February 4, 1917 [SCICo]: “You have undoubtedly heard that Leone died last week. We have picked up a version of this accident that we hadn’t heard before, and are giving it to you as we heard it: Leone was at the Sur on horseback and while there caught two small wild pigs which he attempted to tie on the back of his saddle. The pigs were squeaking and kicking and the horse kicked out to try and shale them loose and struck Leone. We looked up the Diary and Payroll to find what work he could have been on at the Sur, and find that he did telephone repair on January 19th, but no location is stated. On the 24th he laid off sick. From the 1st of February to the 9th he worked part of the time.”

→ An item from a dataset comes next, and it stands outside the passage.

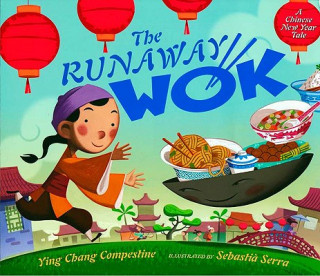 Książka Runaway Wok Ying Chang Compestine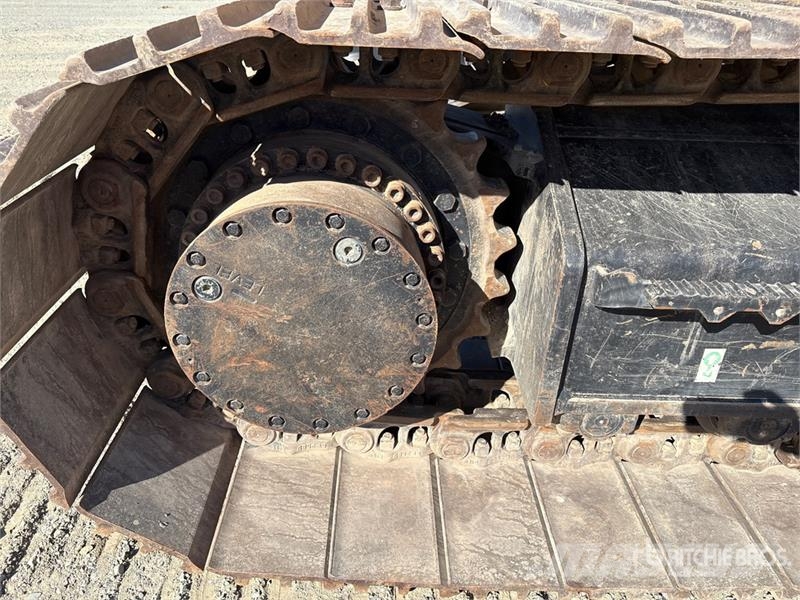 CAT 335F LCR Tracked Excavator Lánctalpas kotrók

March 28, 1917 [SCICo]: “We are enclosing a letter addressed to L. Leone. Would suggest that you find out what kind of an institution is located at the return address on the envelope.”
Undated 1917 [SCICo]: “Mr. Ruiz, Public Administrator, Santa Barbara County. Dear Sir. We enclose a list of articles now on Santa Cruz Island belonging to the estate of Lodovico Leone, deceased. I believe that a sale of these articles would not bring a total of $2.50, as these personal effects are in a very poor condition.”
Undated 1917 [SCICo]: “G. Puema, Esq., Royal Italian Consulate Agent, Los Angeles, Cal. Dear Sir. After a rather prolonged investigation, due to the absence of witnesses to the accident which resulted in the death of Lodovico Leone, we find that when the accident occurred Leone was not engaged in any occupation due to his employment. In fact, the accident was the result of his engaging in killing wild animals during working hours, something which was absolutely forbidden and which he knew to be forbidden.